A binge drinker (or maybe borderline alcoholic), Dancer is as irresponsible as a child but he does possess a decent line in banter and a rogueish charm. He’s perfectly cast. The revelation here, though, is Frankie Miller as Jake.

With the success of top ten British single Darlin‘ fresh in the memory, the idea of branching out with a lead role in a gritty Play for Today strand was unexpected.

‘Frankie had that wonderful Glaswegian gallusness,’ McDougall explained recently in an online interview. As an example of this, he mentioned the first day of shooting when Miller indicated the camera to Mackenzie and advised him: ‘Just fucking point it at me.’
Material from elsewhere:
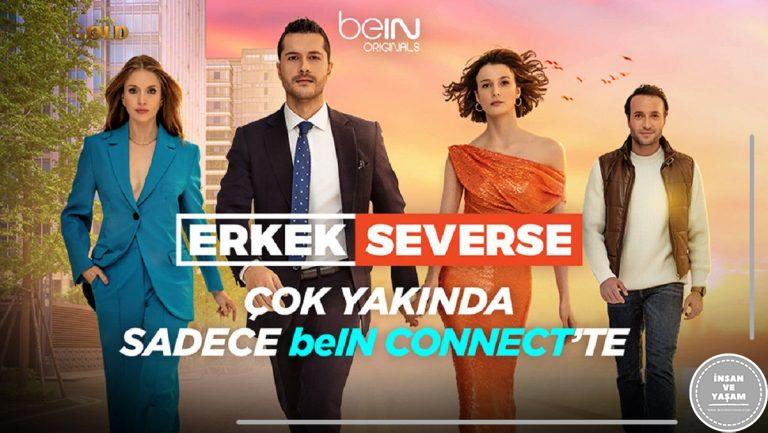 Erkek Severse Dizisi Konusu ve Oyuncuları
This attitude helps explain why he was confident enough to let the camera linger on him.

McDougall is Scotland’s greatest ever TV dramatist, and with the ongoing homogenisation of television, I don’t expect to be changing that opinion any time soon.

Martin Scorsese went as far as calling Just A Boys’ Game the Scottish equivalent of Mean Streets and later Mean Streets’ co-star Harvey Keital flew over to Scotland to appear in McDougall’s Down Where the Buffalo Roam.

Mackenzie went on to make The Long Good Friday (1980) and collaborated with McDougall again, this time on his adaptation of Jimmy Boyle’s A Sense of Freedom (1981). After that, McDougall continued writing for TV, film and theatre. Shoot For The Sun (1986), examined the heroin problem in Edinburgh before Trainspotting got round to it and more recently he penned a modern interpretation of Whisky Galore! with Gregor Fisher taking on a leading role.

Miller never acted again, turning down a number of offers as he wanted to concentrate again on his music. Few would deny the power of his voice, indeed, Otis Redding’s widow Zelma has been one of many to shower him with compliments over the years, once observing: ‘That little ol’ white boy, Frankie, has the blackest voice since Otis.’

Sadly in 1994, Miller suffered a brain haemorrhage while in New York and since then he has been unable to perform.